その時すでに東京に住んでいた私。学生の時、卒論のテーマに選んだほど宮沢賢治が大好きだと知っている兄は、私が帰省するたびに宮沢賢治ゆかりの地や施設に連れて行ってくれた。夢中になる私に呆れ、 「ゆっくりしていいから、帰りは電車で帰ってね」 と兄だけ先に車で帰ってしまったこともある。
宮沢賢治に興味を持ったきっかけは何だったかなぁ。小学生の時に暗唱させられた 『雨ニモマケズ』 かなぁ。もちろん、今でも暗唱できるが、田舎のイントネーションで覚えたため、田舎訛りでないと暗唱できない。私の暗唱は 「リアル 『雨ニモマケズ』 」 だ。

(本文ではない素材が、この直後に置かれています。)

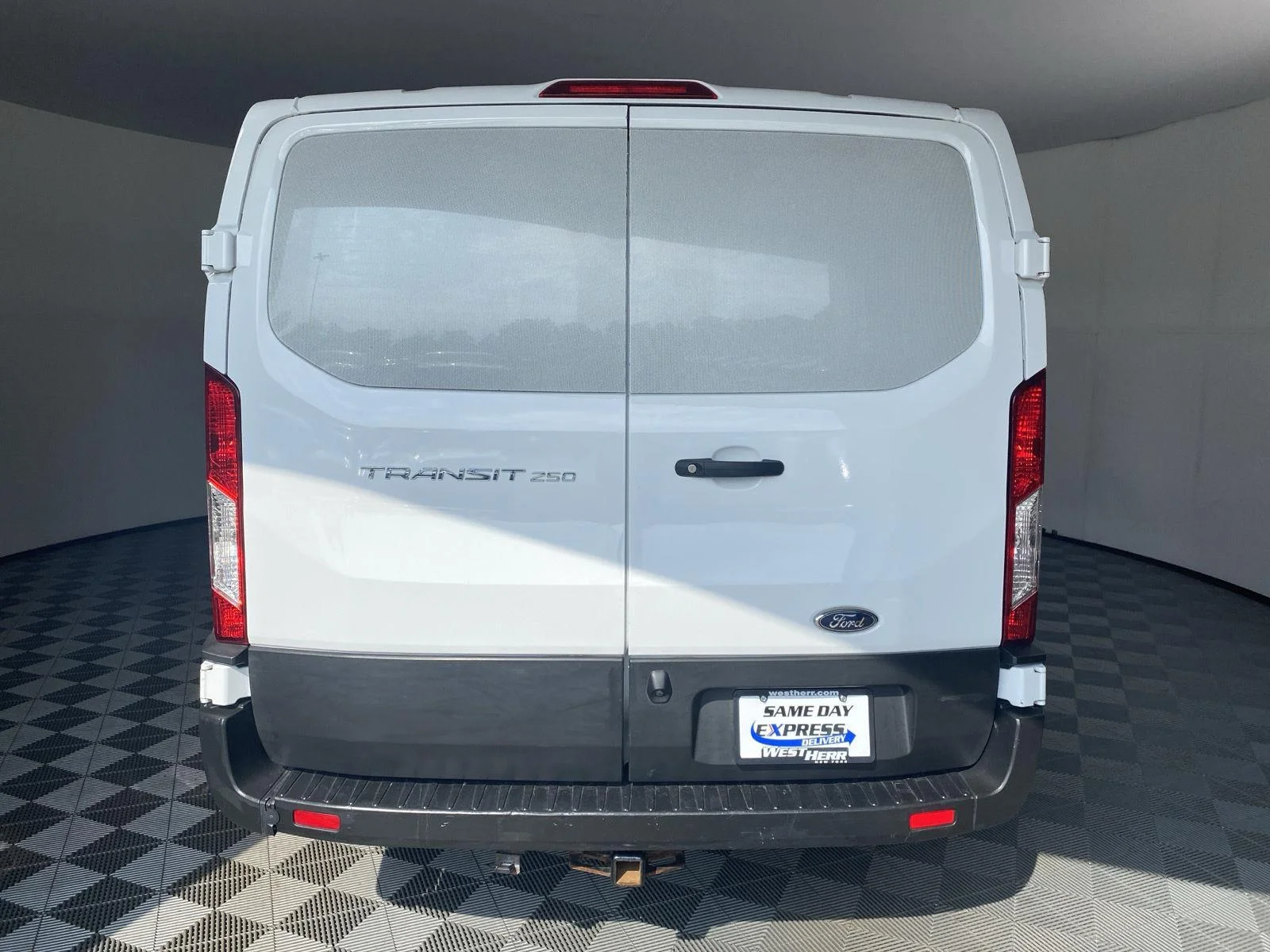 Used 2021 Oxford White Ford 250 image 12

これは、花巻市のお隣、宮守村 (現在は遠野市宮守町) にある 「めがね橋」 。

めがね橋という名前のアーチ形をした橋は日本中にあるが、このめがね橋はちょっと特別。宮沢賢治が、 『銀河鉄道の夜』 のモチーフにしたと言われている橋なのだ。土木学会選奨土木遺産になっているそうだ。
いま、この橋の脇は道の駅になって整備されているので、ゆっくりと眺めることができる。とても美しい橋で、ずっと見ていると不思議といろんなことが頭に浮かんでくる。記憶を呼び起こしてくれるような風景なのだ。この写真を撮った日はとてもイイ天気で、橋も山も空も、まるで絵に描いたものを見ているようだった。どれが欠けても完成しない絵だね。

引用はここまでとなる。